INSTRUCTIONS TO FOLLOW » Exactly the lines below from the line with "People walking along" through the line with "ヒョウ柄の服の若い女性が手に新鮮な水のガラスボトルとベンチに座って印刷します 多様性と持続可能性の概念 —" must make up the answer, both ends included and pictures left out.

DATA »
......

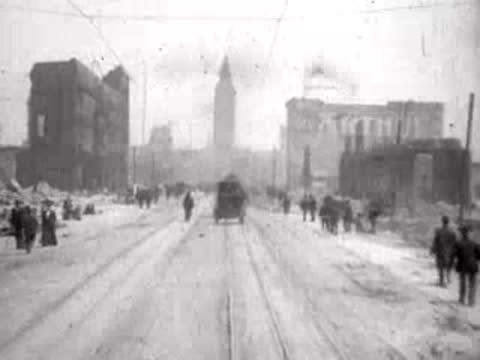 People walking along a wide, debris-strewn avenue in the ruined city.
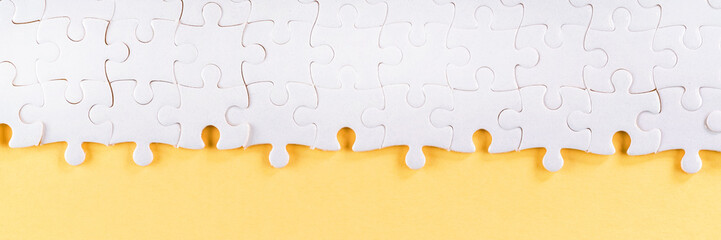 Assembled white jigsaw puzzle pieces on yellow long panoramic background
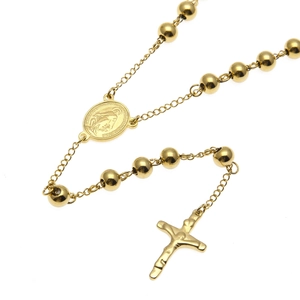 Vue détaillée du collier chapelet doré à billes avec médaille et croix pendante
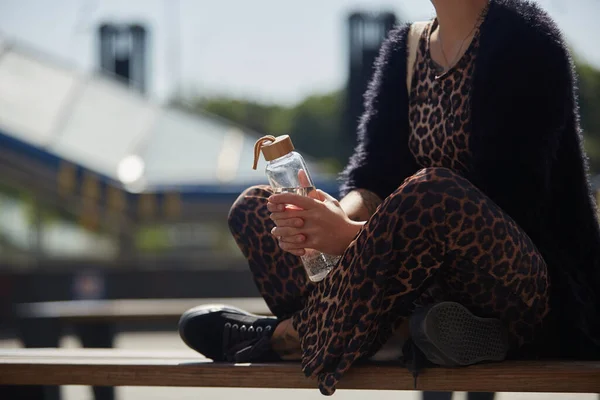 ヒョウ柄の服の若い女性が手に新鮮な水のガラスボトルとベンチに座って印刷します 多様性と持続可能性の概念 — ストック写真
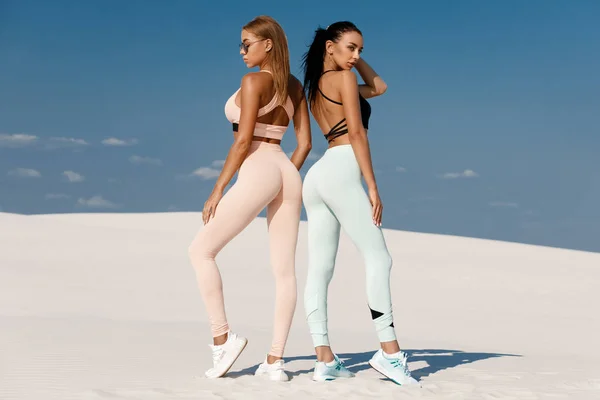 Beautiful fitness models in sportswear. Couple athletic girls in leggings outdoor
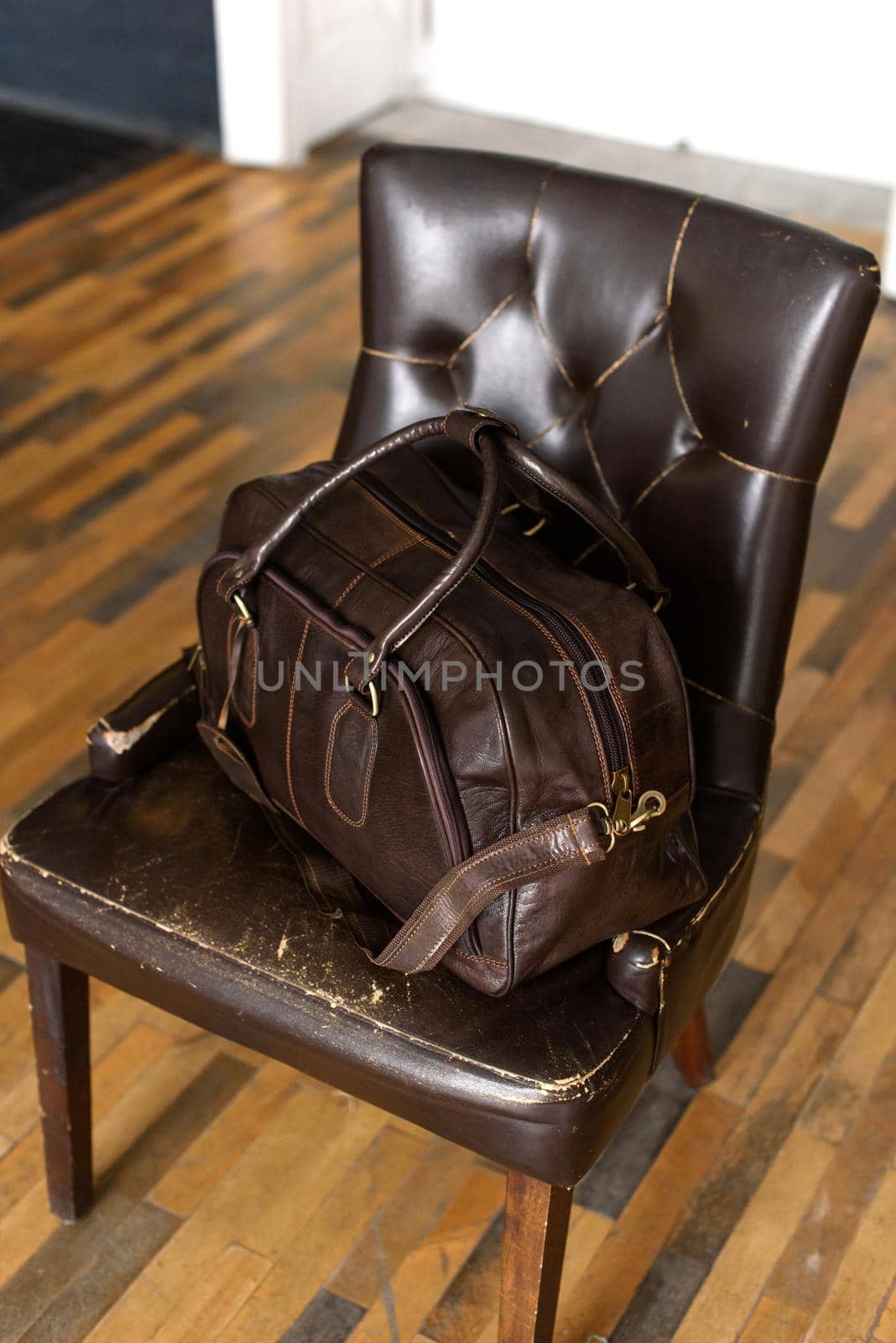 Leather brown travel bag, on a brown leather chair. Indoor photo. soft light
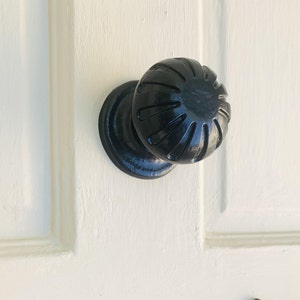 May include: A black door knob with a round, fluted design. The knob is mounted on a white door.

......

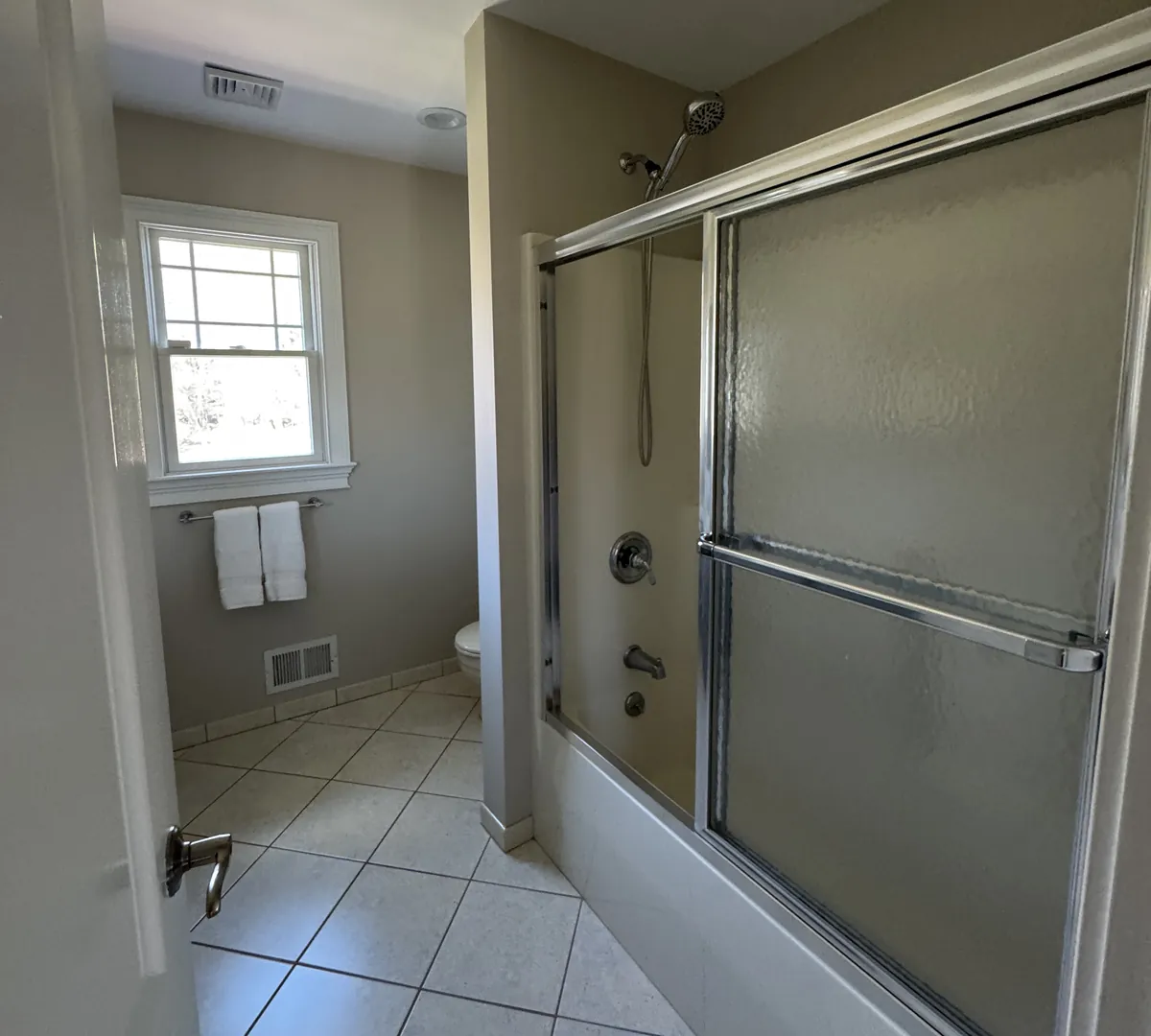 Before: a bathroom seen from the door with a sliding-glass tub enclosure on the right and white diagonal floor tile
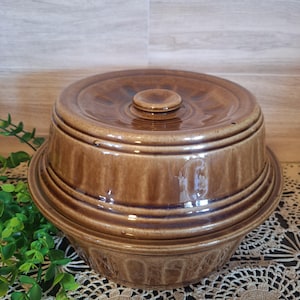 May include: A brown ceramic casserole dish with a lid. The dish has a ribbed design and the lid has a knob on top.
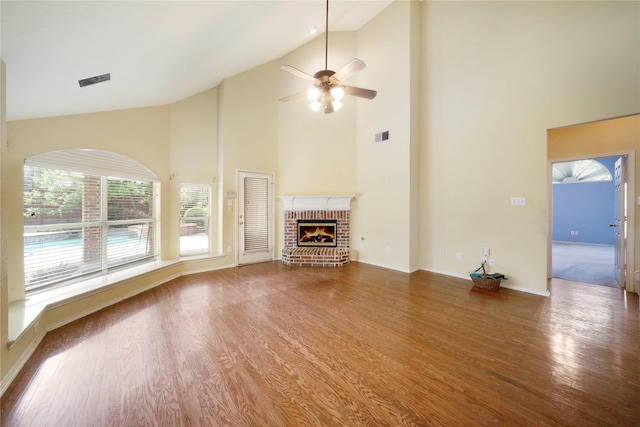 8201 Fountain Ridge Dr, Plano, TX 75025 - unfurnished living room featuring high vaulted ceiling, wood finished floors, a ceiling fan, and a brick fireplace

......

ANSWER AREA »
 People walking along a wide, debris-strewn avenue in the ruined city.
 Assembled white jigsaw puzzle pieces on yellow long panoramic background
 Vue détaillée du collier chapelet doré à billes avec médaille et croix pendante
 ヒョウ柄の服の若い女性が手に新鮮な水のガラスボトルとベンチに座って印刷します 多様性と持続可能性の概念 — ストック写真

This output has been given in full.